291 Dissertation, p. 28.

292 A few of the punches and matrices were shown in the Caxton Exhibition of 1877.

293 The Great Charter and Charter of the Forest. Oxford, at the Clarendon Press, 1759, 4to. This fine work is printed in Caslon’s Great Primer Roman. The copperplate initials and vignettes are very fine, the former containing views of several of the different colleges and public buildings at Oxford.

294 Novum Testamentum, juxta exemplar Millianum. Typis Joannis Baskerville. Oxonii e Typographeo Clarendoniano 1763. Sumptibus Academiæ, 4to & 8vo. (See also post, chap. xiii). The Baskerville Greek punches, matrices and types still preserved at Oxford, are supposed to be the only relics in this country of the famous Birmingham foundry.

295 Though dated 1768 on the title, this specimen appears not to have been completed for two years, as it bears the date Sept. 29, 1770, on the last page, and includes specimens of purchases made in that year.
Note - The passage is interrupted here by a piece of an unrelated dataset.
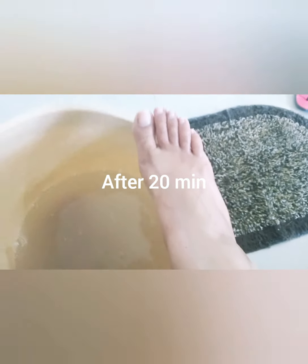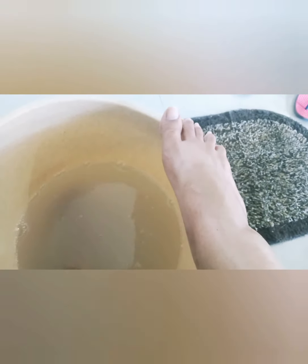Keep yourself calm while soaking — you can read a book or listen to music. It will be very good for your mind and for reducing stress. Of course, this is also a basic step for pedicure to remove dead cells and dead skin on your feet.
296 Dissertation, p. 45. These strictures we cannot but regard as somewhat hypercritical. It was no uncommon thing to cast a small face of letter on a body larger than its own; and in the case of Hebrew and other Orientals, where detached points were cast to work over the letter, it was by no means unusual at that time, and till a later period, to designate the latter by the name of the body which it and the point in combination collectively formed. With regard to the gradual lapse of obsolete and superannuated founts from the specimen, Mr. Mores’ antiquarian zeal appears to have blinded him to the fact that the Oxford press may have issued their specimens as an advertisement of their present resources, rather than as an historical collection of their typographical curiosities.